I might be a little slow at responding, but feel free to ask questions if you're stumped on anything. (Maybe others can help answer questions too.) Good luck.


--Andy

Subject: Vectorising/avoiding complicated loops

From: Rune Allnor

Date: 24 Jun, 2011 05:36:16

Message: 5 of 9

On Jun 23, 2:14 pm, "Charles Dillon" <charl...@live.ie> wrote:
> As somebody who is only getting used to using MATLAB, I've been reading a lot about how one should try to avoid loops where possible, and that the majority of loops can be avoided by using existing MATLAB functions.

Don't follow that advice.

Loops are the nuts and bolst of programming. The remarks you
refer to are the remnants of a decades-old bug / design flaw
of matlab.

As a programmer (and particularly a novice one) your task
is to write programs that

1) Are understandable to a human reader.
2) Work.

In that order! Yes, I am serious. By far the most programs
evolve through stages when they *don't* work. Getting
non-working incomprehensable code to work is a mess,
compared to non-working *comprehensable* code.

So learn how to write *comprehensable* code first. Use those
loops. Only when / if you see that the code runs too slow
do you start messing with optimization.

And do remember that except for certain numerical tasks,
matlab is one of the slowest languages around. One doesn't
use matlab for its run-time efficiency. If you want *fast*
code, use one of the compiled languages.

Rune

Subject: Vectorising/avoiding complicated loops

From: Charles Dillon

Date: 24 Jun, 2011 08:39:04

Message: 6 of 9

Thanks everybody for the help and advice! I think I'm best leaving the code as it is, as arich82's code didn't work on first attempt, and my lack of understanding of exactly what is going on in those functions means I don't really know how to go about fixing it. Given that, and the fact that I need to explain how this code works to people (which means that I also have to understand how it works), I think I'm best leaving it as it is.
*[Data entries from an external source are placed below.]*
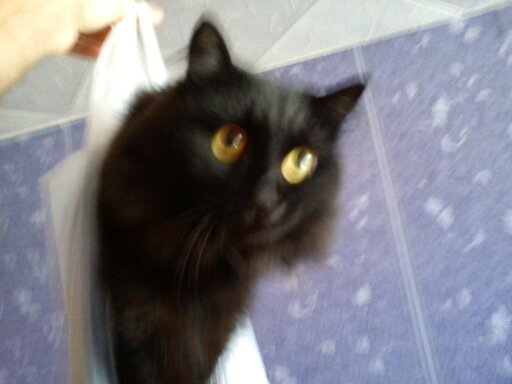 Валерий Валерьевич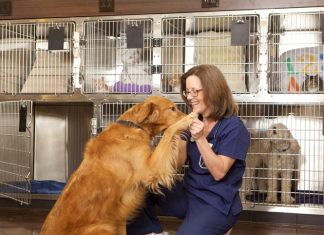 How To Get A Career In Animal Care?
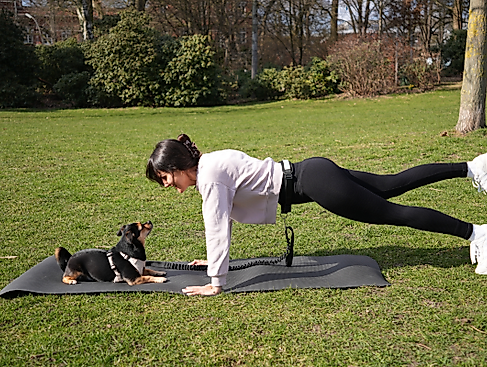 Aktiv mit Hund
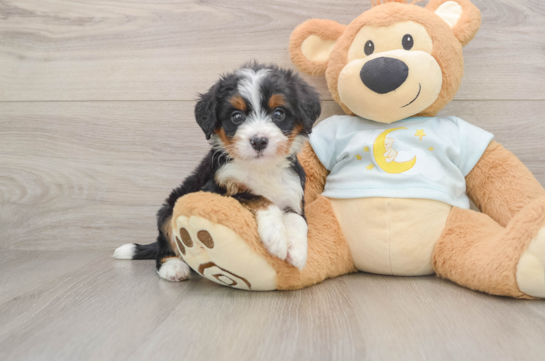 Best Mini Bernedoodle Baby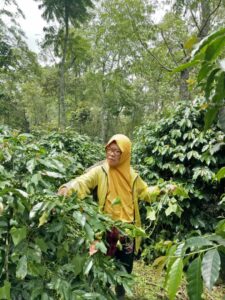 COE Indonesia 2023/24 Wanoja Coffee Plot Ita Rosita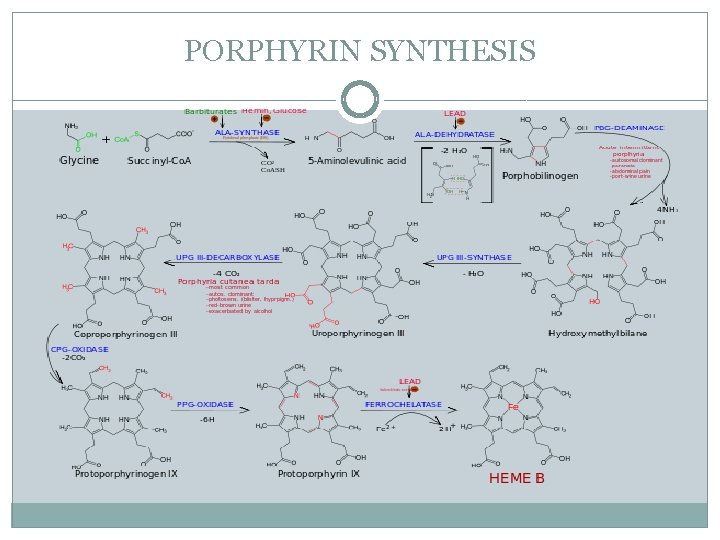 PORPHYRIN SYNTHESIS 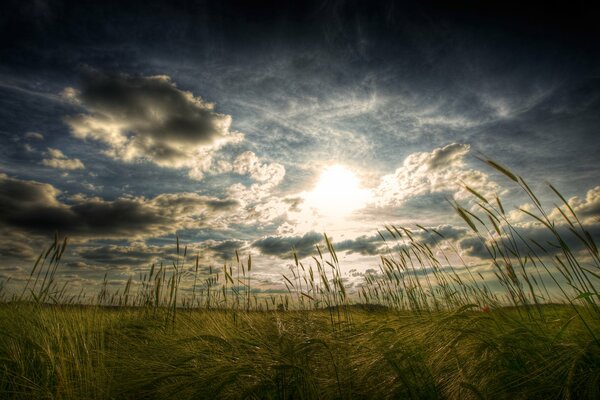 Spikelets on the background of cumulus clouds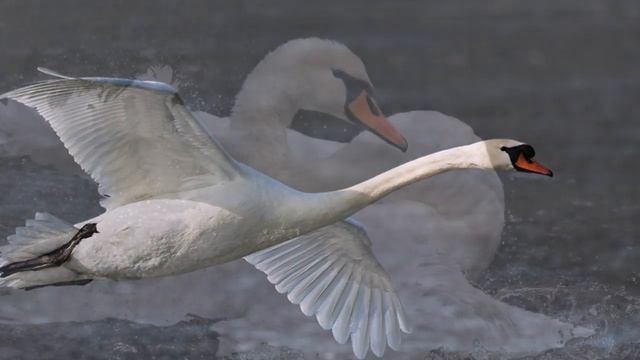 ЛЕБЕДИНАЯ ВЕРНОСТЬ - ВЛАДИМИР ЗАХАРОВ смотреть онлайн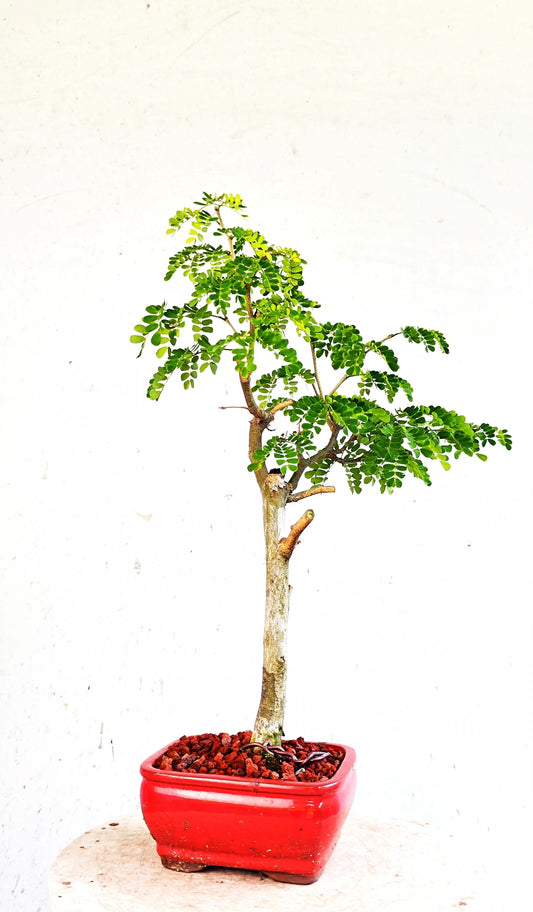 Thornless Flowering Brazilian Rain Tree - 5 Inch Glazed Bonsai Pot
Thank you everyone for all your help!

Subject: Vectorising/avoiding complicated loops

From: arich82

Date: 24 Jun, 2011 18:45:20

Message: 7 of 9

"Charles Dillon" wrote in message <iu1if8$ahb$1@newscl01ah.mathworks.com>...
> Thanks everybody for the help and advice! I think I'm best leaving the code as it is, as arich82's code didn't work on first attempt, and my lack of understanding of exactly what is going on in those functions means I don't really know how to go about fixing it. Given that, and the fact that I need to explain how this code works to people (which means that I also have to understand how it works), I think I'm best leaving it as it is. Thank you everyone for all your help!
---------

I probably should have explained things a bit better, but was short on time yesterday. However, if you're more comfortable with the loops, then you should certainly heed Rune's well-stated advice.

In case you're curious (or for posterity's sake for future readers), I can try to explain the two solutions.

Problem 1:
HISTC effectively bins things to make a histogram. For
[~, k] = histc(train2, train1);
the second output 'k' has the same length as train2, and tells you which bin each element of train2 got sorted into.
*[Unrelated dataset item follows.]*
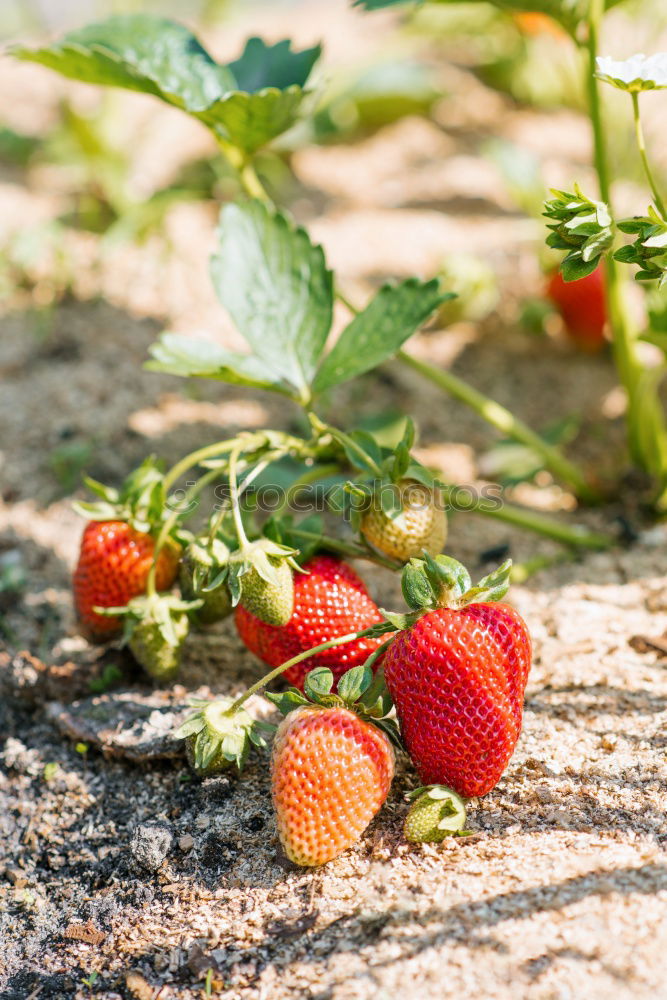 Similar – Image, Stock Photo yield Food Fruit Nutrition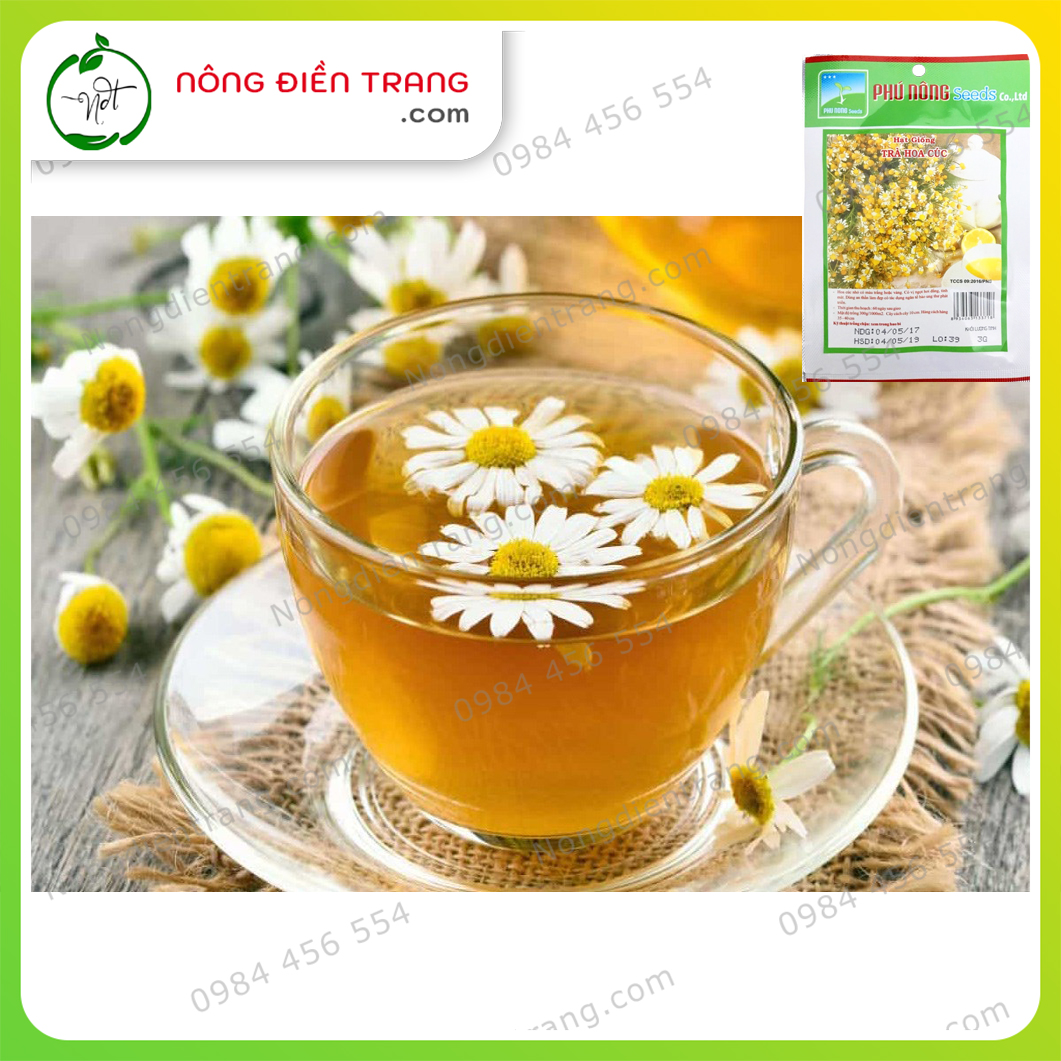 Hạt Giống Trà Hoa Cúc Phú Nông - Gói 3g - Dễ trồng, Không kén đất, Sinh trưởng mạnh. Kháng bệnh tốt VTNN Nông Điền Trang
The left-hand-side of each bin was specified by train1, s.t.
train1(i) <= i-th bin members < train1(i+1)
so we know that, if the j-th element train2(j) belonged to the i-th bin, i.e.
k(j) == i
then the max element in train1 that's less than train2(j) is train1(i).

'k' now tells us which element in train1 satisfies your criterion for each element of train2, so a vector of all the arguments for the exp is simply
dt = train2 - train1(k).
and the full solution is
altcor = sum(exp(-dt/tau).*f1(k))

(There is a slight subtlety in that I padded the bins with inf to make sure train2 didn't go out of range.) If this didn't work for you, my guess is one of two things happened:
-- min(train1) ~< min(train2)
-- or I got burned by the '<=' (your loop was strictly 'less than').
(-- or possibly your data was stored in a row vec, not column, but that's fixed below by sanitizing with the colon operator...)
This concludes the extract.